Age-dependent predictive ability of baseline serum albumin for mortality at 18 months in haemodialysis patients using time-dependent ROC. The area under the curve (AUC) of the time-dependent ROC curve was consistently higher in patients younger than 65 years throughout all follow-up periods (data not shown). As an example, the ROC curve at 18 months demonstrated that the AUC for predicting 18-month mortality risk using baseline serum albumin levels was significantly higher in patients younger than 65 years (95% confidence intervals do not overlap). Serum albumin levels with the maximum sensitivity and specificity were 3.7 g/dl for patients younger than 65 years and 3.5 g/dl for those aged 65 years and older. TPR: true positive rate, FPR: false positive rate.
DISCUSSION
In haemodialysis patients, hypoalbuminaemia is an indicator of nutritional status/inflammation and a strong predictor of mortality. The present study suggests that the ageing is accompanied by lower albumin levels, and that age may influence the association between serum albumin and mortality. Conceptually, our study proposes to use in clinical practice different cut-offs for laboratory biomarkers by age (when indicated). In our study, the association between albumin and mortality was stronger in younger patients, and the thresholds to discriminate risk were slightly higher than those older than 65 years.
Serum albumin levels are important indicators of nutritional status, particularly in clinically stable people [18]. In these cases, low albumin levels reflect overall malnutrition [19], making it a reliable tool for identifying individuals at risk of adverse health outcomes.
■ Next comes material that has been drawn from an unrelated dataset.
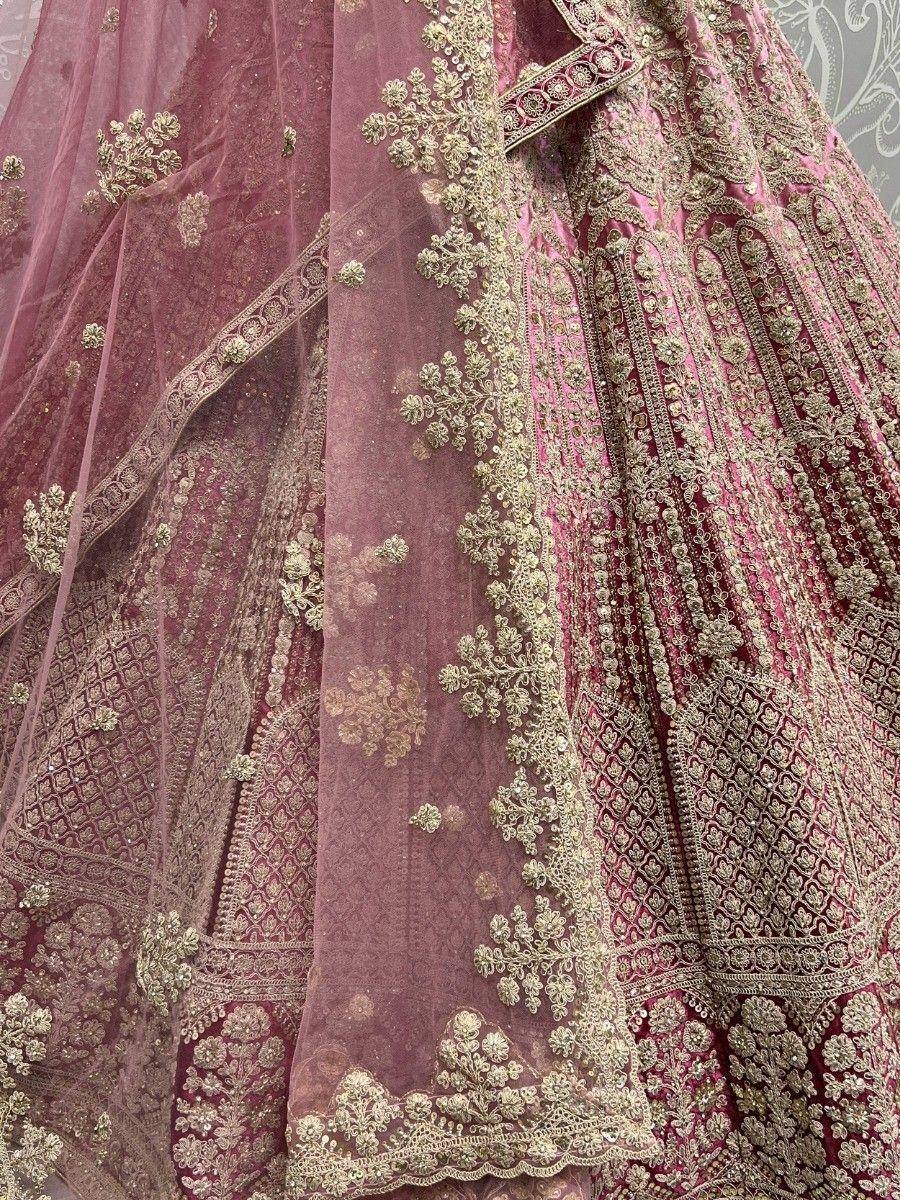 Luxury maroon lehenga choli with gold embroidery and net dupatta, perfect for Indian weddings and festive occasions.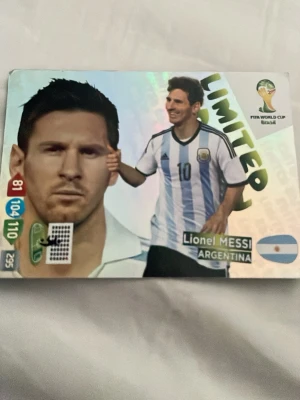 Panini Messi Limited Edition VM-kort - Samlarobjekt: Limited Edition fotbollskort från Panini Adrenalyn XL, FIFA World Cup Brasil. Kortet visar Lionel Messi i Argentinas landslagströja med blå och vita ränder. Kortet har färgglad design och officiell VM-logga.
Several studies have demonstrated that maintaining adequate serum albumin levels has been associated with improved clinical outcomes in patients on maintenance haemodialysis [20]. Levels below 4 g/dl are considered clinically low by KDOQI [5], although other guidelines such as those of the International Society of Renal Nutrition and Metabolism consider 3.8 g/dl [21].
The present study found that the prevalence of hypoalbuminaemia increased with age despite multiple adjustments for identified confounders. A negative correlation between serum albumin and age has been previously described in both the general population [22] and haemodialysis patients [23]. However, age itself may not be the sole cause of the decrease in serum albumin in the elderly [18]. Age may encompass other conditions of ageing, including loss of appetite, changes in body composition, lower energy needs, lower physical activity etc… [24, 25]. In haemodialysis patients, despite the technological advances in the filters used, and their adaptation to different clinical situations, there may be a (small) loss of serum albumin during the session, which confers an additional risk of hypoalbuminaemia [26–28].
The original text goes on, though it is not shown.